Jupiters Limited v. Aaron Hall

Case No. D2000-0574


1. The Parties

The Complainants is:

Jupiters Limited, of PO Box 1400, Broadbeach, Queensland 4218, Australia.

Represented by Eddie Scuderi of Corrs Chambers Westgarth, Lawyers of GPO Box 9925, Brisbane, Queensland 4001, Australia.

The Respondent is:

Aaron Hall, of PO Box 2156, Southport BC, Queensland 4215, Australia.


2. The Domain Name and Registrar

The domain names with which this dispute is concerned are:

"jupiterscasino.com" and "jupiters-casino.com"

The Registrar with which the domain names are registered is:

Network Solutions Inc, of 505 Huntmar Park Drive, Herndon, Virginia 20170, United States of America.


3. Procedural History

3.1 The Complaint was submitted electronically and in hard copy to the World Intellectual Property Organization Arbitration and Mediation Centre (the "WIPO Centre") on June 9 and June 13, 2000 respectively.

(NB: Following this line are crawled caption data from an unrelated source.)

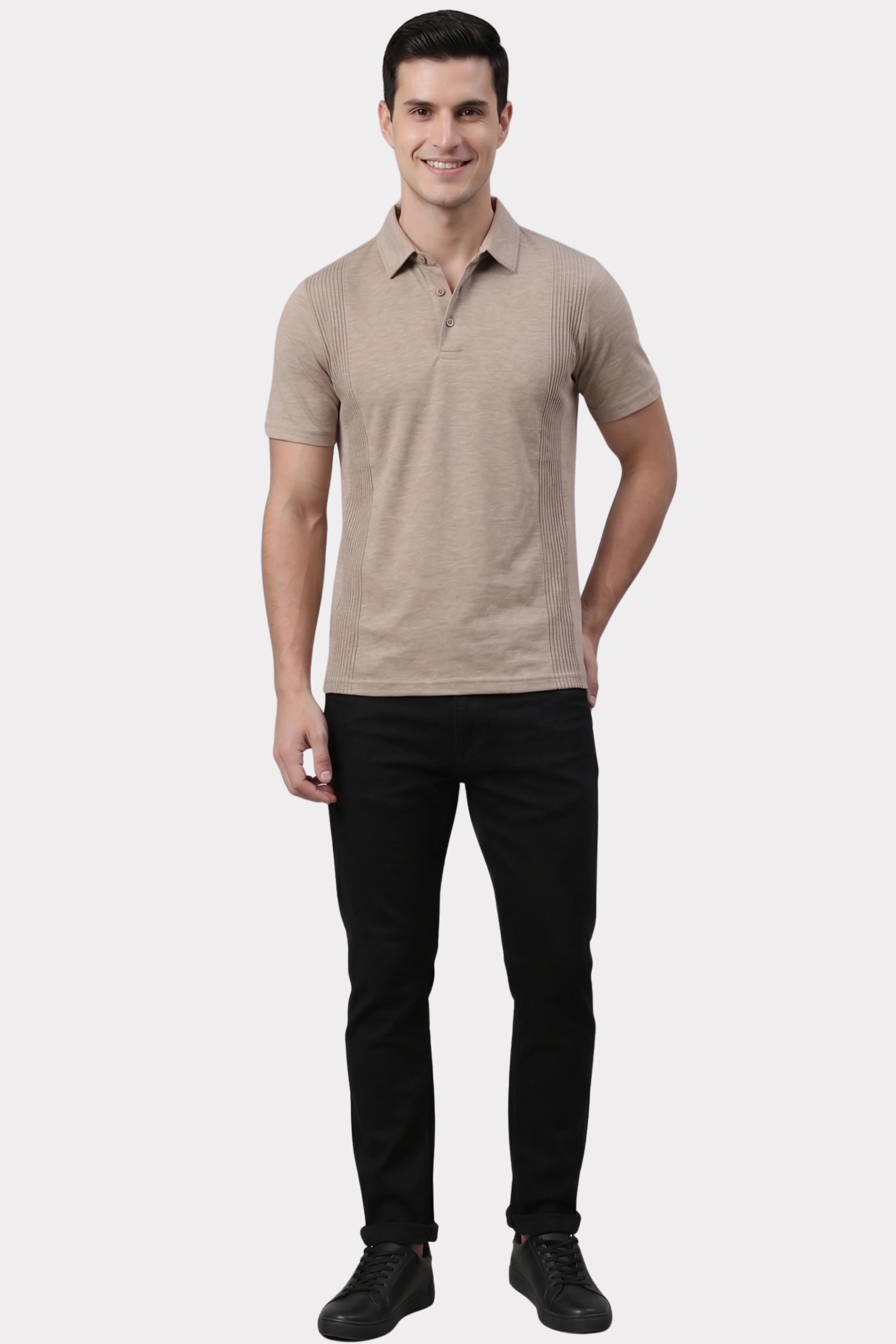 Beige Panel T-Shirt-Global Republic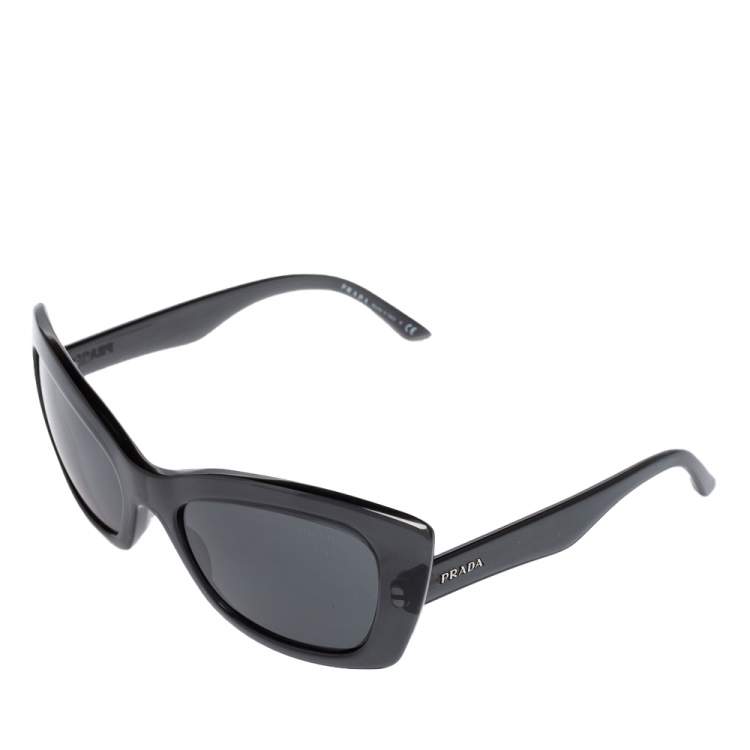 Pre Owned Prada Black Acetate SPR19M Cat Eye Sunglasses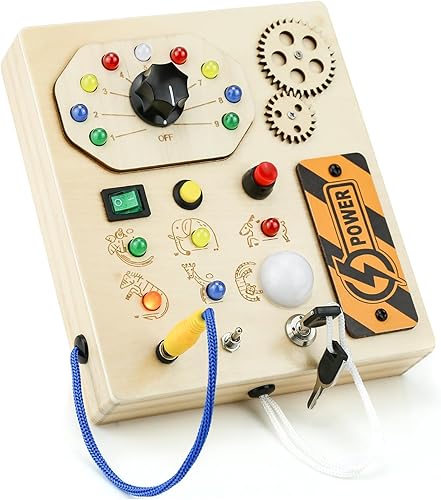 JAMIEWIN Montessori - Tablero de actividades con interruptor de luz LED para niños pequeños de 1 a 3 años, tablero sensorial de madera, juguetes de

3.2 On June 25, 2000 the Registrar verified that the current registrant of the domain names is the Respondent, that the Registrar's 4.0 Service Agreement is in effect, that the domain names are in "Active" status, that Respondent's administrative and billing contact is:

Hall, Aaron (AH 4651) aaronh@FAN.NET.AU
PO Box 2156
Southport BC, Qld 4215
+ 61 7 552 9120

and the Technical Contact is:

Hostmaster, Account (AH830) dns@MAXIM.NET
42712 Lawrence Place
Fremont, CA 94538

3.3 On June 25, 2000 all formal requirements for the establishment of the complaint were checked by the WIPO Centre and found to be in compliance with the applicable ICANN Rules ("the Rules") for Uniform Domain Name Dispute Resolution Policy ("the Policy"), and WIPO Supplemental Rules. The Panel has checked the file and confirms the WIPO Centre's finding of proper compliance with the Rules and establishment of the complaint.

3.4 On June 26 , 2000 the WIPO Center sent Notification of Complaint and Commencement of Administrative Proceeding as follows:

(i) by post and by fax to Respondent and to the Technical Contact;

(ii) by e-mail to Respondent and to the Technical Contact;

(iii) by e-mail to Postmaster@jupiterscasino.com and Postmaster@jupiters-casino.com.

3.4.1 In addition the Notification of Complaint and Commencement of Administrative proceeding was sent by post and by fax and by e-mail to the address provided by Complainant pursuant to Rule 3(b)(v) of the Rules, namely:

Tien Nguyen ("Miss Nguyen")
Ledger & Nguyen Lawyers
PO Box 184,
Surfers Paradise, Qld 4217

Fax: + 61 7 5570 4455
e-mail: law@Inlawyers.com.au

3.4.2 From the record it appears that:

(i) the post, fax and e-mail transmissions to Respondent were undelivered;

(ii) the e-mails to the Postmaster at the domain names were undelivered;

(iii) the e-mail to the Technical Contact was delivered;

(iv) the post and fax transmissions to Miss Nguyen were delivered;

(v) the e-mail to Miss Nguyen was undelivered.

3.4.3 On June 30, 2000 the Technical Contact advised that Respondent was not its client and that it did not have the domain names on its server.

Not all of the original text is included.